Continuing around the corner, we came upon the Farmer’s Market, which looks to be busier than it’s ever been; I think they’ve been preparing for people to come crawling out of their homes looking for human contact and artisanal pickles since COVID began. One thing I was happy to see was a mobile knife sharpening van, and while we tried to scope out the rest of the offerings Hazel completely lost her mind in the presence of all the other dogs out for a walk, so we noped out of there and headed home. I grabbed up a handful of knives and headed back down there with Finn: two Schrade pocketknives I’ve had on my workbench—one 3″ I’ve had since high school, from a repo’d car, and a smaller 2″ blade that was Dad’s. I brought our Wusthof hollow edge from the kitchen, which has needed attention for the last couple of years, and finally Dad’s 6″ Dexter skinning knife from his days at Cornell when they taught him how to dress meat as part of the Agriculture program. For a total of $25 all four are back in shape and ready to be used again. He took a little more off the blades than I liked to see, but they were all in pretty rough shape. Sadly he doesn’t do chainsaw blades but I’ve got a couple of other knives around here that will need attention, so we’ll probably head back in two weeks.
Things in the greenhouse have slowed due to the iffy, ineffectual weather we’ve had for the last couple of weeks. Where there was a lot of growth in the hot weeks right after they got planted, they’re all stalled and are throwing out multiple suckers instead of producing flowering branches. I’ve got one Roma plant with about ten blooms but other than that it’s all show and no go. At the Farmer’s Market I saw a bunch of potted patio tomatoes that looked lush, carrying fruit, and it immediately made me feel like I was doing things wrong. But when I looked at other stands, I saw the same varieties we’ve planted for sale that were smaller than ours and had no fruit, which cheered me back up—it looks like we’re right on time.
A plan is hatching for the late summertime with Brian, who has asked me for some help with a project he’s got on his plate: he’s overhauling and outfitting a 25′ schoolbus for a family of six to drive across the country, and wanted to know if I could help him with the job. This is part of a larger plan he has to shift his business from home renovation to custom camper outfitting, and he’s asked me to join him.

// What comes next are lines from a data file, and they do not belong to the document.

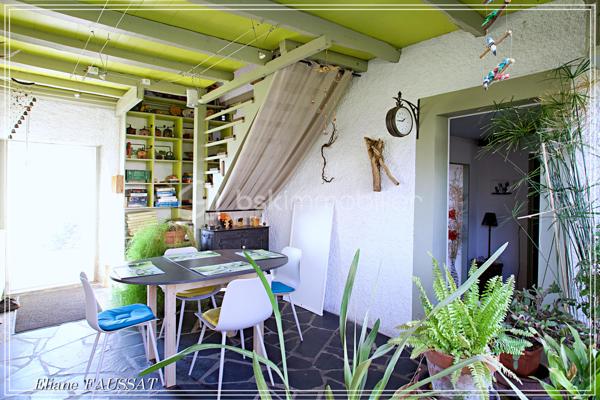 Située dans un écrin de quiétude à 15 minutes des Thermes de Bagnères-de-Bigorre, cette grande maison familiale de 290 m² invite à la détente et à la sérénité, un lieux privilégié, très apprécié comme gîte durant de nombreuses années. Elle offre un cadre de vie exceptionnel alliant charme et histoire, avec vue sur les Pyrénées. 
Côté extérieur, vous profiterez d'un jardin paysagé plein Sud, d’une terrasse avec une vue magnifique sur la Chaine des Pyrénées, un garage de 32 m² et un carport pour 2 véhicules. À proximité des commodités urbaines, cette maison est un véritable coup de cœur, adaptée même pour les personnes à mobilité réduite. Plus qu'une simple maison, un art de vivre !
Vous apprécierez l’intelligence de l’aménagement de cette belle bâtisse qui permet de choisir l’intimité mais qui propose de vrais lieux d’échanges en bénéficiant d’une agréable fraîcheur naturelle l’été grâce à ses murs en pierres et de la joyeuse chaleur de ses cheminées l’hiver en appoint de sa pompe à chaleur. Cette bigourdane élevée sur deux niveaux construite au 19ième siècle vous séduira par son confort chaleureux et ses prestations de qualité. 
En rez-de-chaussée, l'ancien garage de 32 m² a été fermé par des grandes baies vitrées pour y accueillir réceptions, salle de sport, jacuzzi, selon les envies. La chaufferie et les réserves bénéficient d’une entrée indépendante, préservant ainsi la tranquillité des résidents. Un espace repas commun des toilettes et une douche permettent une indépendance des rythmes de chacun suivant ses envies. 
Toujours au rez-de-chaussée, la première suite cocooning de 24 m² avec sa salle d’eau et ses toilettes s’ouvre sur la terrasse face aux Pyrénées. Le salon et le séjour sont des espaces authentiques et chaleureux avec leurs cheminées et le plancher de leur sol, la cuisine est très fonctionnelle bien aménagée et équipée. L’accès aux parties privatives à l’étage ( chambre, bureau, dressing, salle d’eau et wc) est indépendant de l’accès aux suites familiales pour les clients ou les amis, l’intimité de chacun est ainsi préservée.
C’est donc par la véranda de l’entrée que l’on accède aux deux suites de l’étage. La suite familiale de 41 m² avec 5 couchages possibles et vue sur les Pyrénées, salle d’eau, baignoire et toilettes séparées. La suite romantique de 26 m² avec grande douche et toilettes privatives sur le palier qui accueille un espace de repos ou de méditation.
Les sportifs seront attirés par les sommets (enneigés), les randonneurs... les curieux assoiffés de culture et de découvertes seront émerveillés par la magie des fontaines et les paysages féériques qui leur sont offerts du petit Canada à la petite Amazonie, en passant bien sûr par Le Pic du Midi, visiter les Pyrénées c’est un peu faire le tour du monde ;-) les jours de pluie les joyaux patrimoniaux et les Musés vous accueilleront.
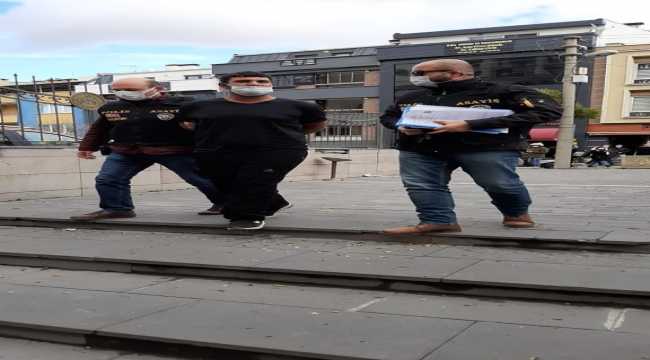 Eskişehir'de gözaltına alınan gasp şüphelisi tutuklandı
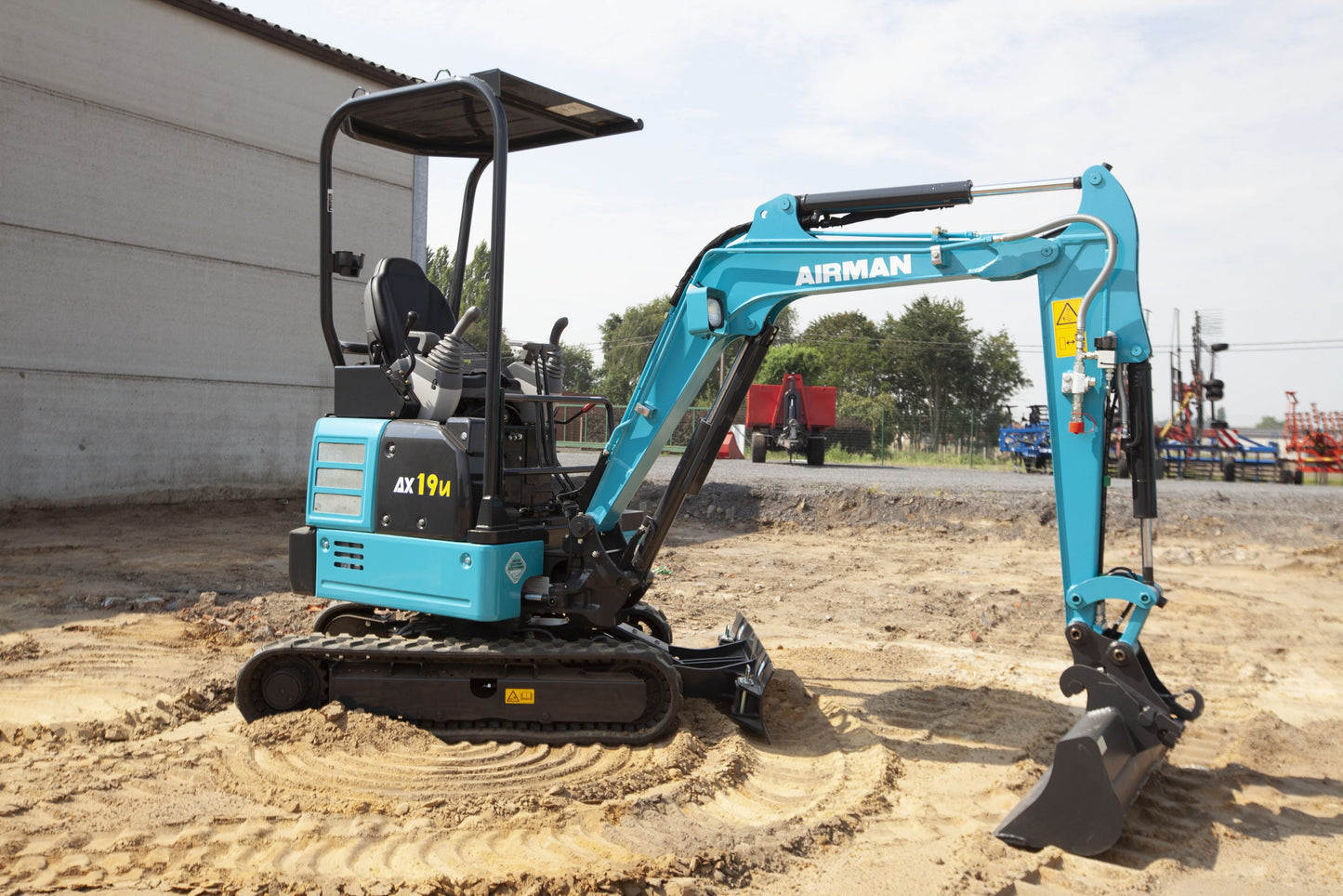 Hitachi Airman AX19u-7 | Neuer 1,9-Tonnen-Minibagger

There are a lot of considerations to be weighed here, and I’m taking none of them lightly. By nature and experience I’m extremely conservative when it comes to my career—having been laid off twice, I don’t like the feeling of operating without a safety net. I’m finally in a place where I’ve been able to put away solid retirement money year over year (and have it matched, no small benefit) but of course, I’d like to have more set aside. The idea of getting out from behind a computer and working with my hands and my head is extremely tempting, especially after having been stuck in one long Zoom call since last March. There are so many pros and cons to this idea that I can’t sort them all out right now, so we’re doing the smart thing: we’re going to tackle this first project, see how it goes, and reassess from that point. The basic plan is to use a bunch of my unpaid sabbatical during the month of September to work on the bus full time with Brian to see how far we can get, and surround that time with paid sabbatical vacation so I’m not wrung out when I go back to work. I’m upset our original plan to travel got completely torpedoed by COVID, but maybe we can make something good out of this.
It’s all very preliminary right now, but it should be a lot of fun, and I’m looking forward to a break from my desk.